• [Recorded data]:
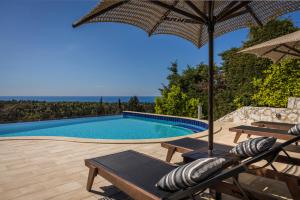 费斯卡尔德宏Luxury Villa Karmaniolos Fiskardo Kefalonia的一个带遮阳伞和椅子及桌子的游泳池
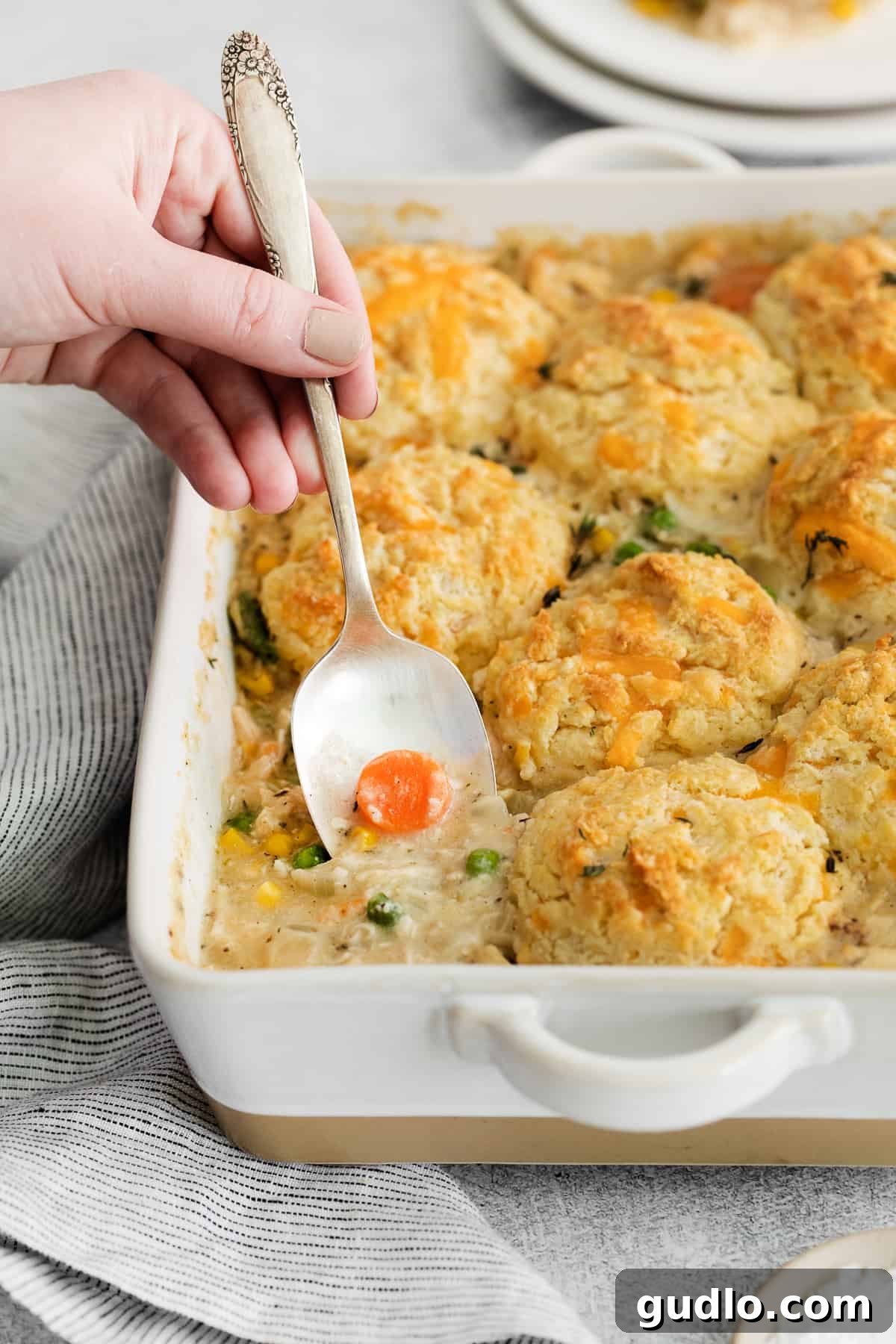 Scooping out a generous portion of creamy chicken pot pie casserole topped with golden brown cheddar biscuits.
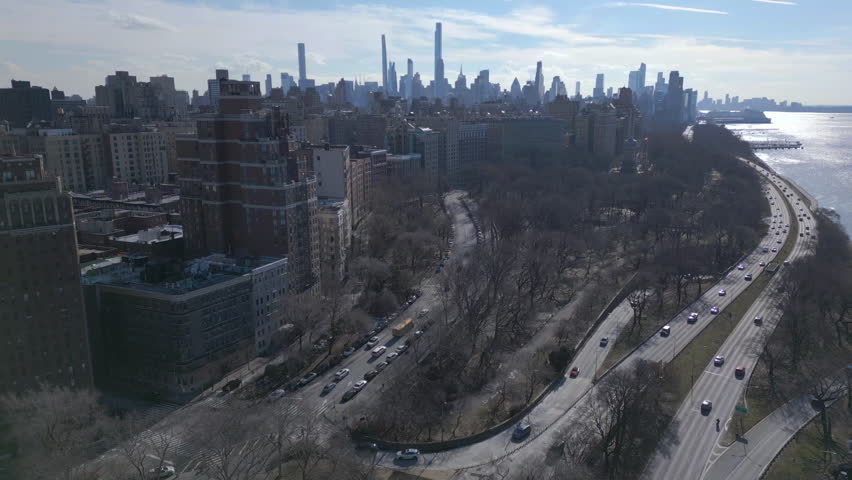 Flying south over Riverside Park on the Upper West Side of Manhattan | Shutterstock HD Video #1099753727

• [What is needed]: Return the lines above exactly; the images are not part of the copy.

• [Output of the exercise]:
 费斯卡尔德宏Luxury Villa Karmaniolos Fiskardo Kefalonia的一个带遮阳伞和椅子及桌子的游泳池
 Scooping out a generous portion of creamy chicken pot pie casserole topped with golden brown cheddar biscuits.
 Flying south over Riverside Park on the Upper West Side of Manhattan | Shutterstock HD Video #1099753727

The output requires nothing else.